Only the lines from the one containing "SKODA Fabia Fabia 1.0 TSI Ambition" to the end of the records belong in the answer; repeat them exactly and drop the pictures.

---- Data shown

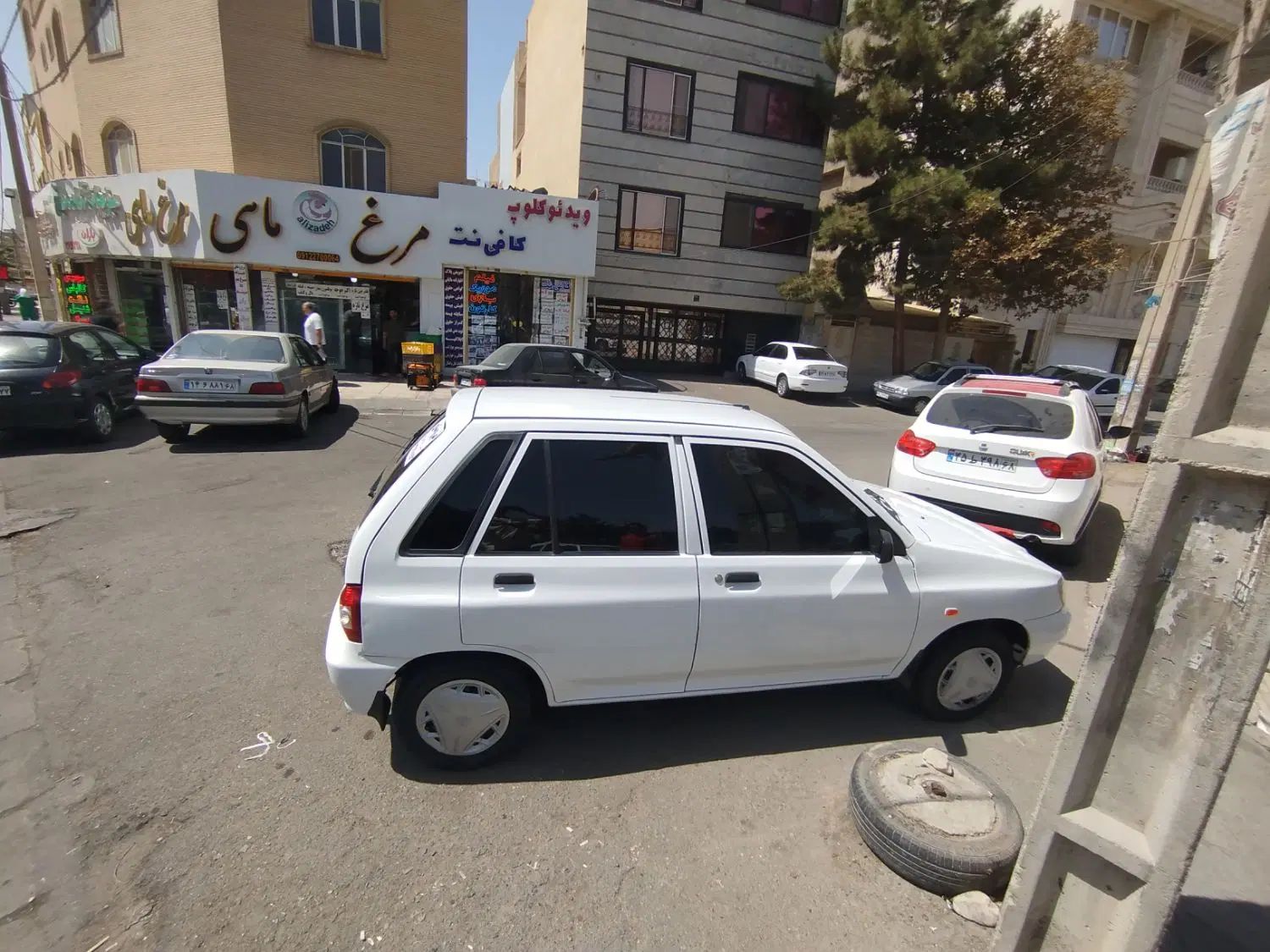پراید 111 SE - 1398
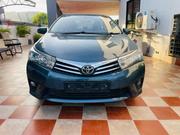 Toyota Corolla Altis 2015 Blue for sale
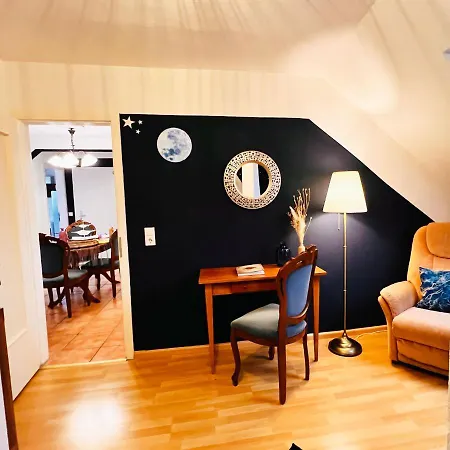 Ferienwohnung Luna -3 Schlafzimmer, Waschmaschine, Kueche, Wlan, Ca 15 Min Bis Zum Europa Park, Malterdingen Exterior photo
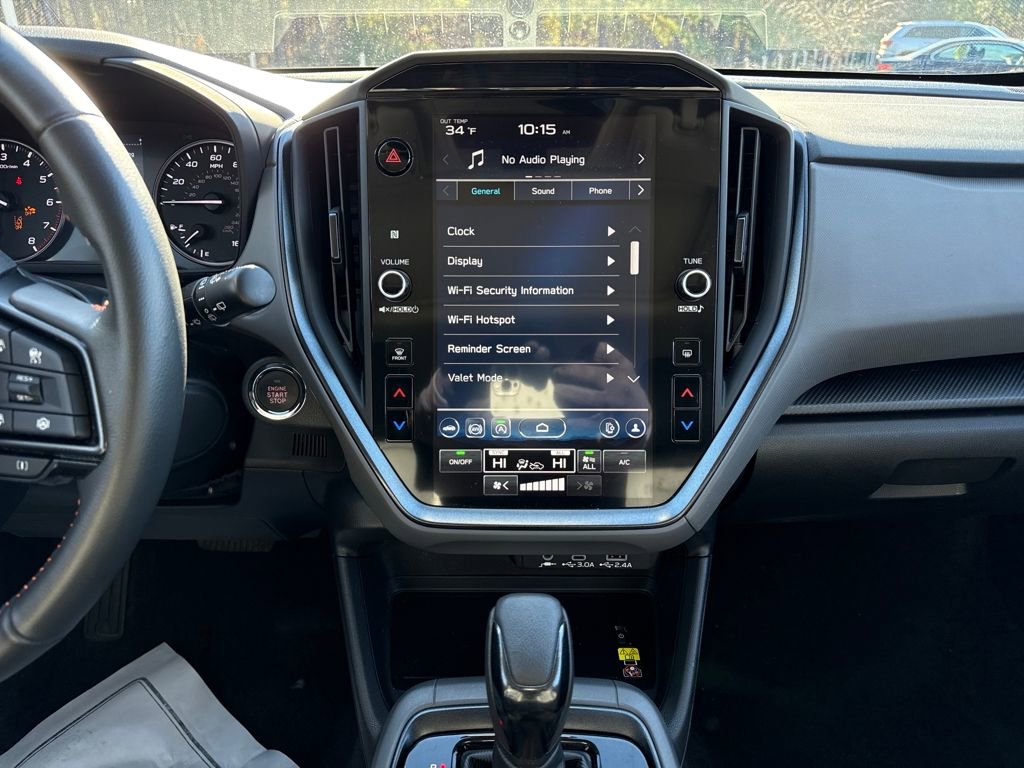 Used 2024 Subaru Crosstrek 2.5i Limited w/ Crosstrek Mirror Package image 17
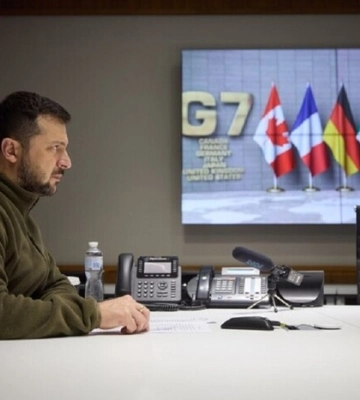 Жовтнева еволюція західної підтримки України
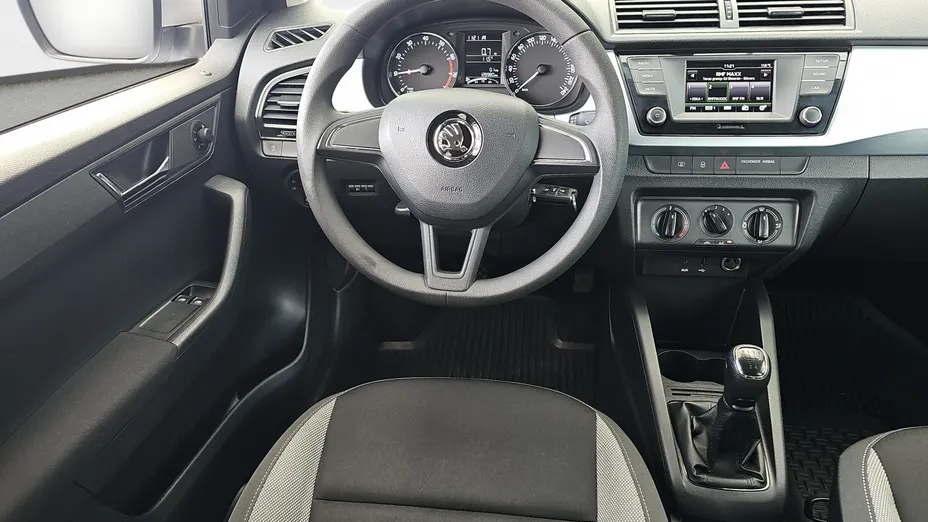 SKODA Fabia Fabia 1.0 TSI Ambition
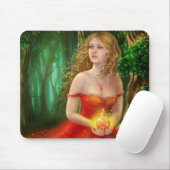 Liebe Mousepad (Mit Mouse)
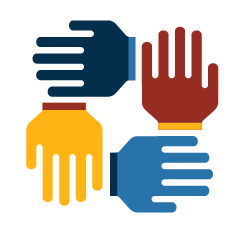four hands
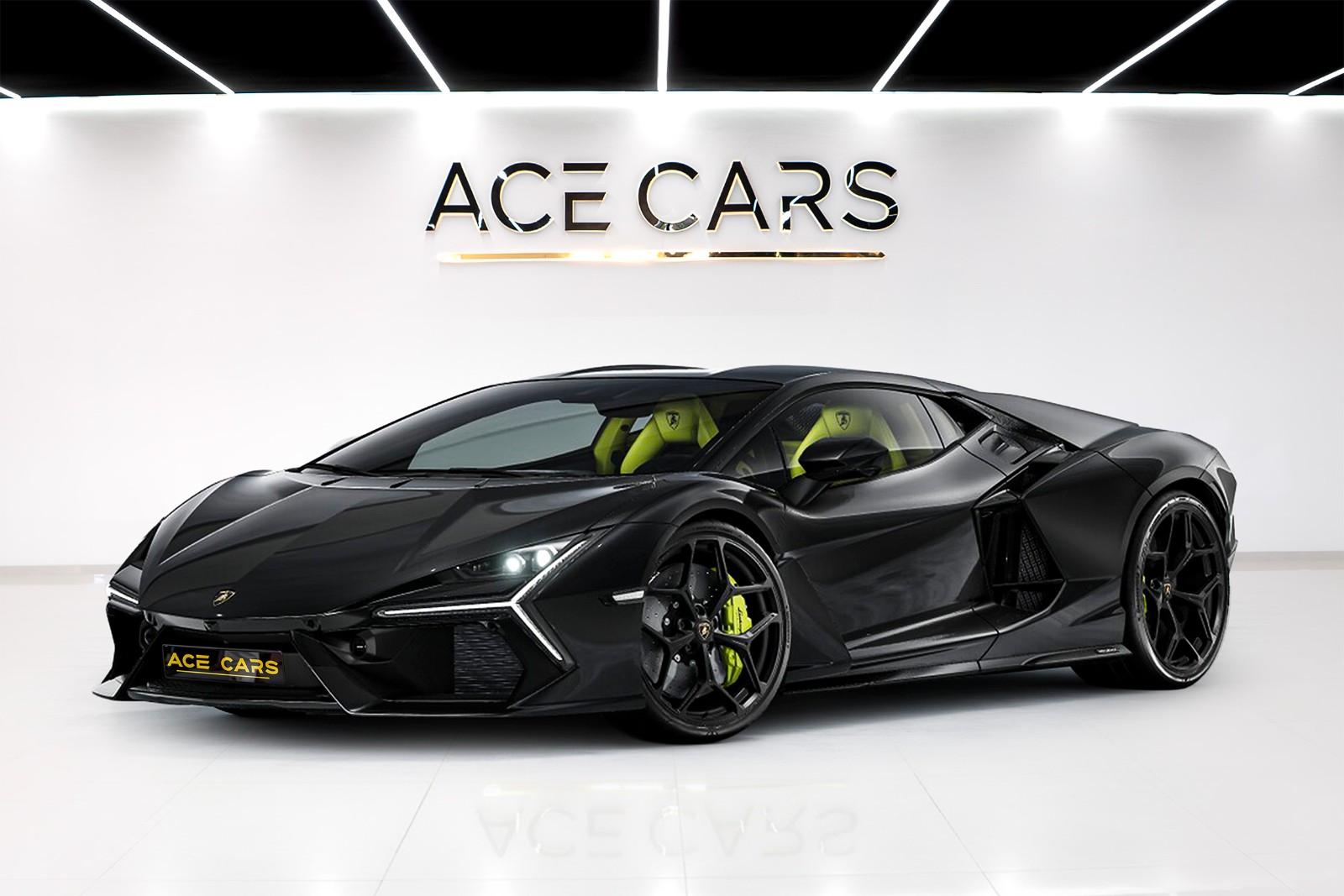 Lamborghini Revuelto MY26 FULL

--------

■ **Output below**
 SKODA Fabia Fabia 1.0 TSI Ambition
 Liebe Mousepad (Mit Mouse)
four hands
 Lamborghini Revuelto MY26 FULL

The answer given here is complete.